Jeff nor Lisa wrote:
>
> Would anyone be able to describe neighborhoods in NYC that
> were built in the years following WW II (say 1946-1956)?
>
> I believe portions of Canarsie E 86th St--row homes (actually
> 2 family) built of a lighter red brick--represent an example
> of this. I'm wonder what other developments were done.
> There's a section of Marine Park, made of darker brick,
> that may be postwar as well. The Marine Pk houses have a
> lot more ornamentation than Canarsie.
>
> I noticed the Canarsie row houses because they have a similar
> facade with thousands of postwar row houses built in Philadelphia
> (except most Phila units were single family, not 2-family, and
> Phila had a service driveway and garage in the back).
>
> I'm interested in learning about postwar _city_ developments.
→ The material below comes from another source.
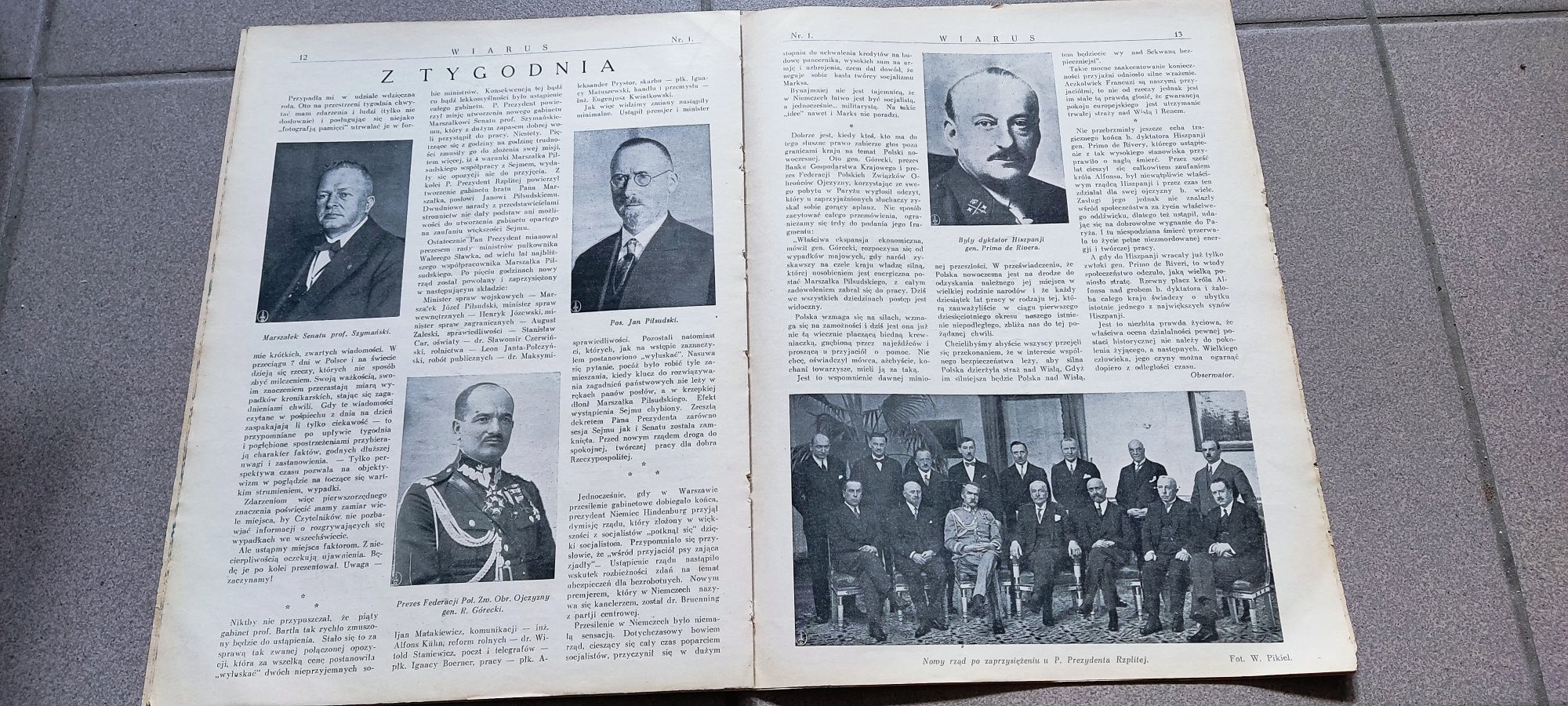 Wiarus 1930 czasopismo gazeta wojskowa przedwojenne Polska 2 RP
> The postwar "Levittowns" of the country have been extensively
> written about. But thousands of modern rowhouses were built
> in Philadelphia and I presume NYC as well during the post
> war years.
The best source for this would be Robert A. M. Stern et al.'s *New York
1960*, which alone among the four volumes (so far; *New York 2000* may
or may not follow) has been reprinted in a "bargain" edition. Offhand I
think most of that sort of development was either before or after the
period you ask about -- e.g. Coop City in the late 60s, Riverbend
(public housing!) and Roosevelt Island in the 70s, Ruppert Towers, etc.